REQUIRED ACTION ->
Reproduce every line below exactly as written; do not include the images.

Data extracted from a collection

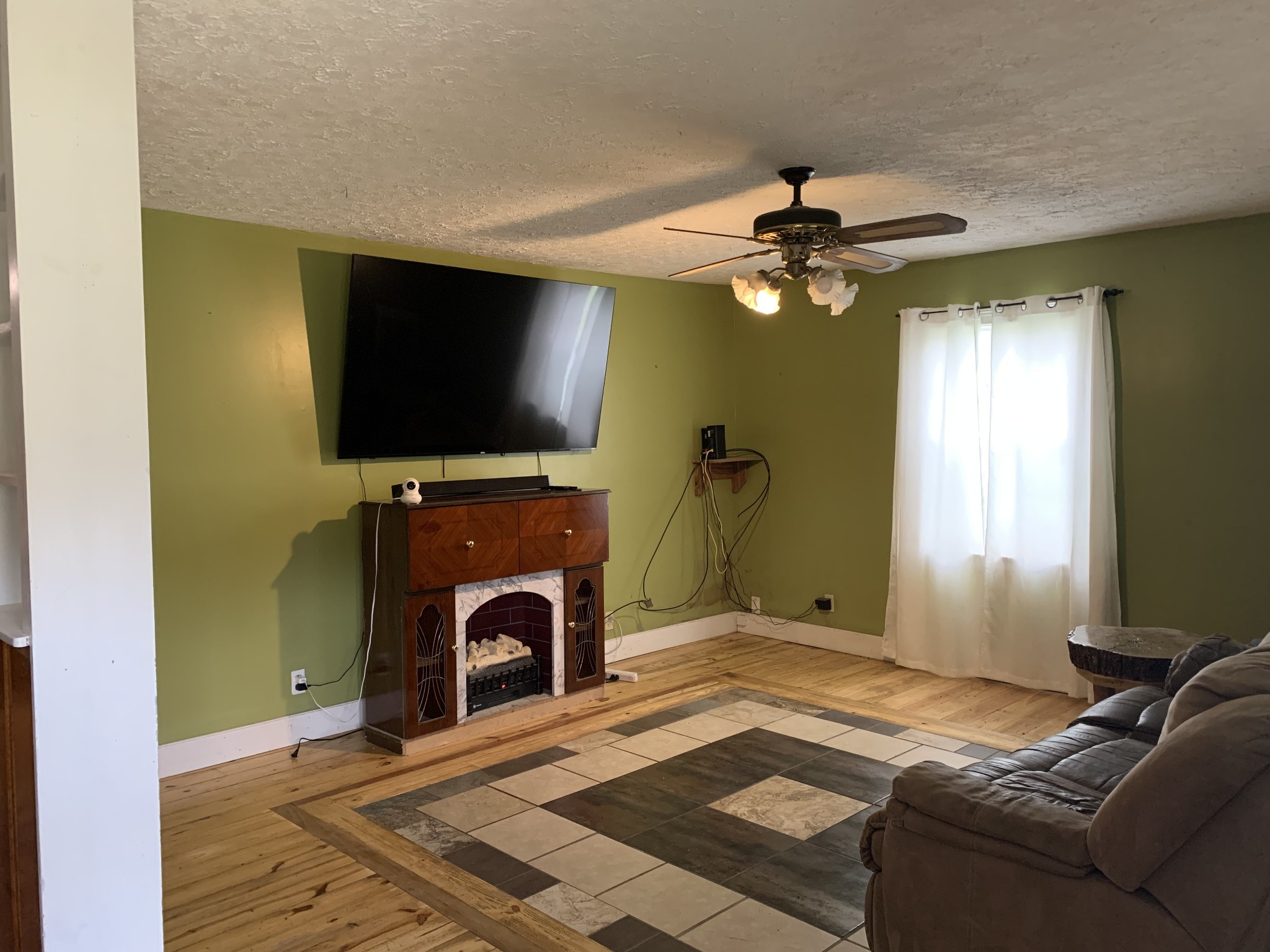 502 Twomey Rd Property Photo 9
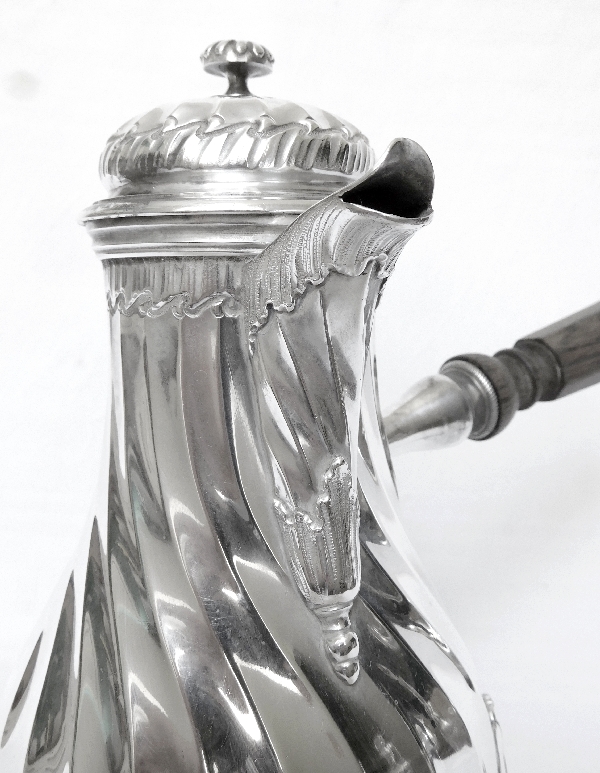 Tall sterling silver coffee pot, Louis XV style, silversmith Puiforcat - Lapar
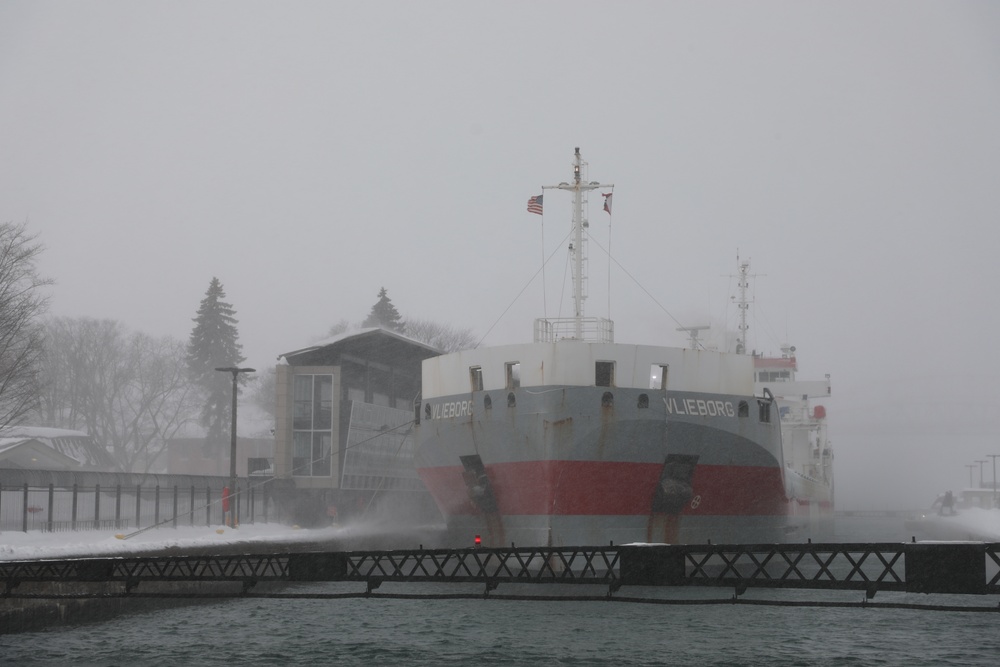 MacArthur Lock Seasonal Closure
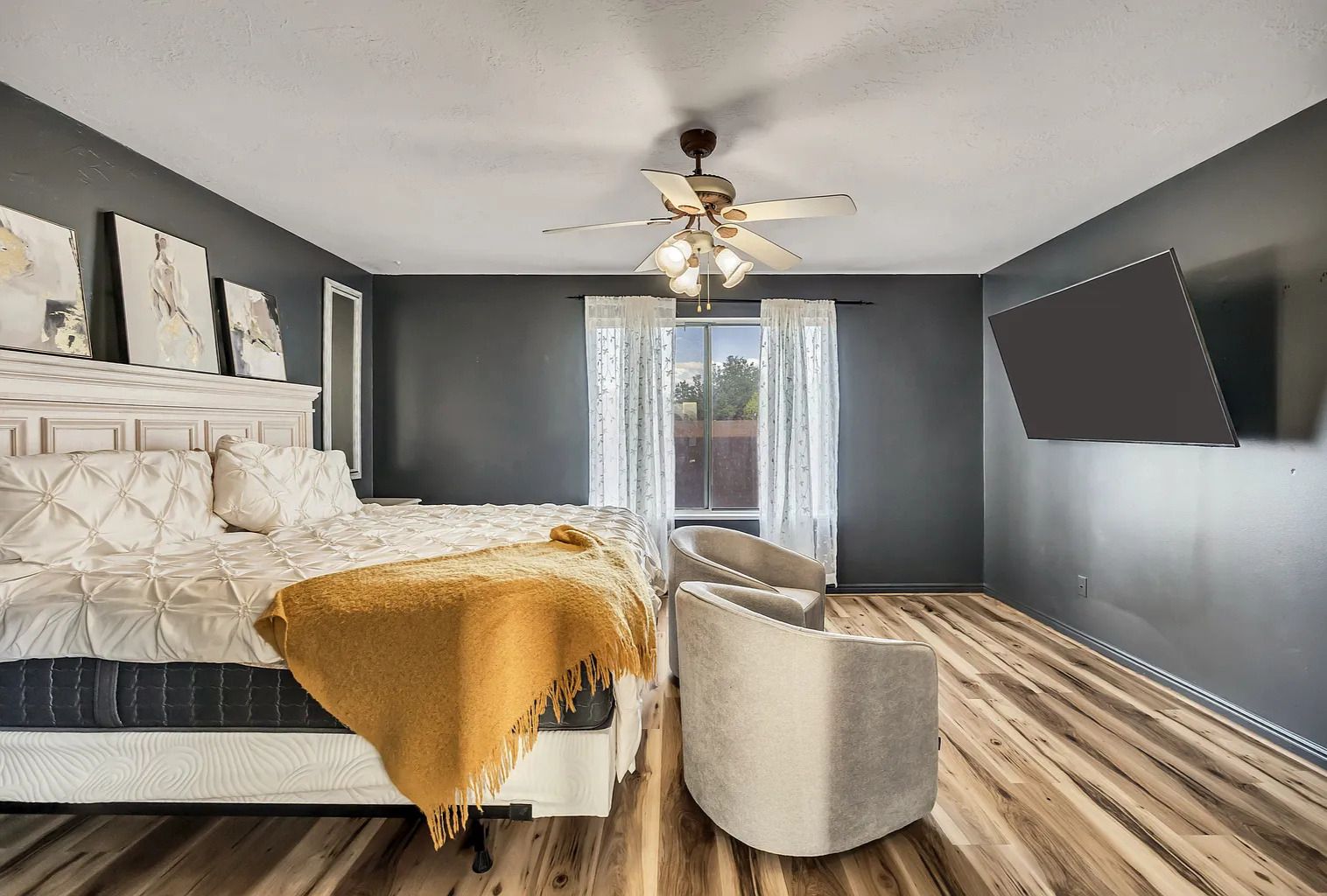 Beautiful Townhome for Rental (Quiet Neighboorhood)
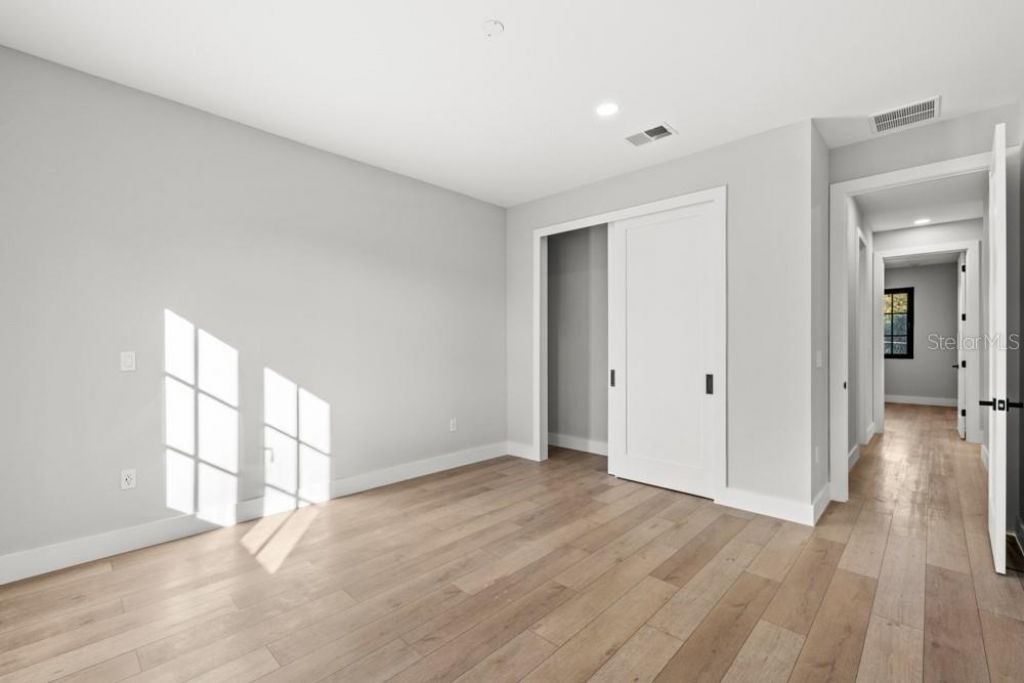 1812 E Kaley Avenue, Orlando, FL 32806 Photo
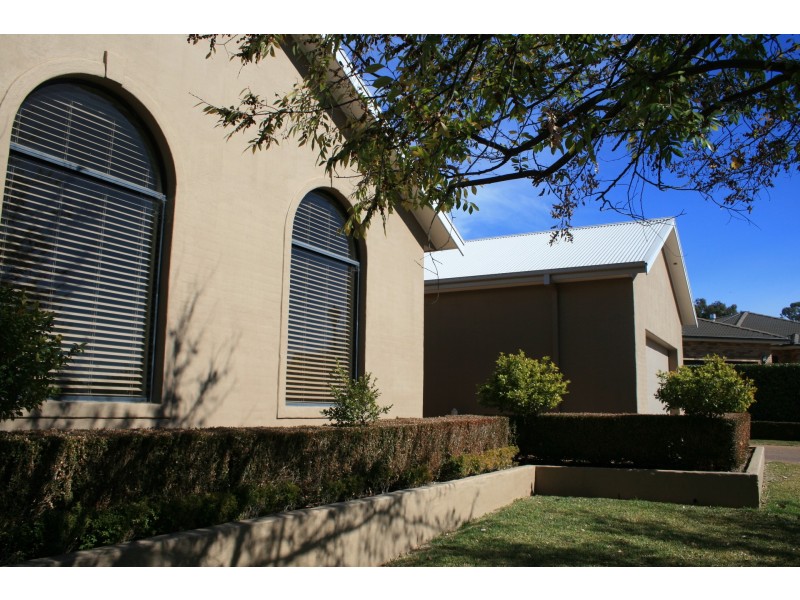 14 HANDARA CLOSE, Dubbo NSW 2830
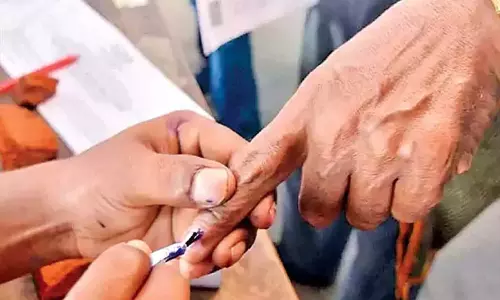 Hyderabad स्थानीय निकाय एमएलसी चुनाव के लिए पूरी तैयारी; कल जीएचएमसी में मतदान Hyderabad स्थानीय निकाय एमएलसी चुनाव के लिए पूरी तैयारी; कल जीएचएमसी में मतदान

YOUR SOLUTION ->
 502 Twomey Rd Property Photo 9
 Tall sterling silver coffee pot, Louis XV style, silversmith Puiforcat - Lapar
 MacArthur Lock Seasonal Closure
 Beautiful Townhome for Rental (Quiet Neighboorhood)
 1812 E Kaley Avenue, Orlando, FL 32806 Photo
 14 HANDARA CLOSE, Dubbo NSW 2830
 Hyderabad स्थानीय निकाय एमएलसी चुनाव के लिए पूरी तैयारी; कल जीएचएमसी में मतदान Hyderabad स्थानीय निकाय एमएलसी चुनाव के लिए पूरी तैयारी; कल जीएचएमसी में मतदान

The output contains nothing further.